For decades, rattles have been one of the go-to first toys a baby receives. Not only do rattles teach babies how to hold an object, but the sounds a rattle makes can be both soothing to the baby and good for the baby's development. The last thing parents want to hear is that their baby's rattle poses a threat to their safety, or a choking hazard.

This is the case recently with the popular rattle called the Oball. Manufactured by Kids II, the rattle is ball-shaped and has finger holes that make it easy for a baby to grasp. The hazard comes from three clear plastic discs around the ball, which contain orange beads. The discs can break and release the small beads.

There have been 42 reports of this happening, as well as two reports of beads found in children's mouths and three reports of gagging on the beads. The company recalled the rattles sold between January 2016 and February 2017.

What does the law say about choking hazards for children's toys?

Normally, choking hazards are clearly posted on warning labels of small toys or building blocks. Manufacturers are required to warn consumers about these choking hazards.

But in the cases of these rattles, since the small beads were not supposed to come out, parents may not have known before their purchase that the beads could fall out and that their child could choke on them, until they may have heard about the recall. Manufacturers issue recalls to try to minimize their liability in cases where someone was or could be injured by their product.

If your child chokes on a toy while using it in the manner it was intended, and there was no appropriate warning, you may be able to file a suit for your child's injuries or suffering.

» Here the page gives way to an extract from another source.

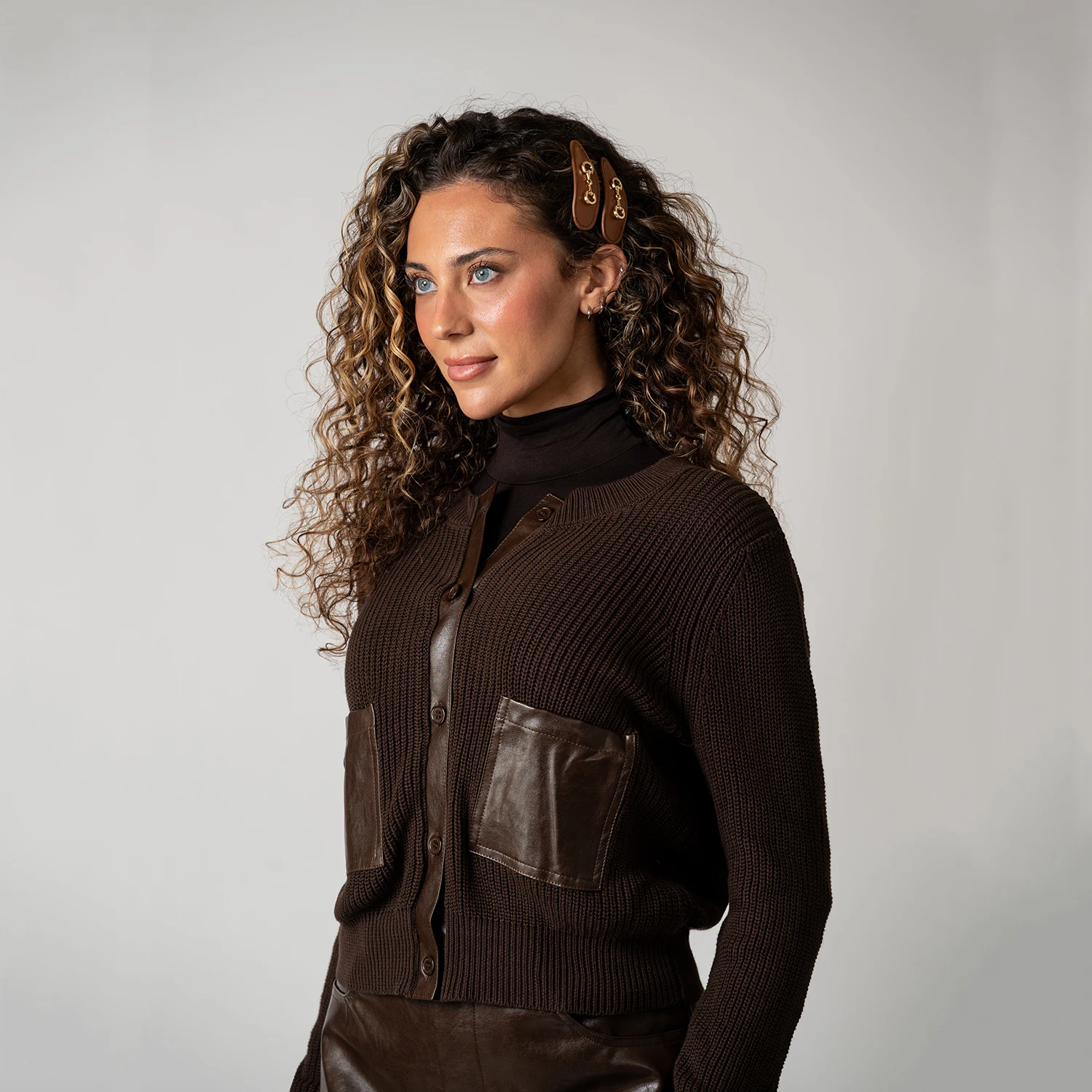 AP AW26 Women Leather Skirt and Leather Patch Cardigan Fashion Style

The Consumer Product Safety Improvement Act of 2008 and the Federal Hazardous Substances Act contains legal regulations about which kind of product requires manufacturers to include a warning if they pose a choking hazard.

Furthermore, any toys that are for children under the age of three have specific, strict regulations about product warnings.

Both manufacturers and retailers who sell these toys have to abide by the federal regulations. If your child was injured or killed due to choking on a toy or part of a toy, a personal injury lawyer who is experienced in the laws around product liability can help determine who is responsible.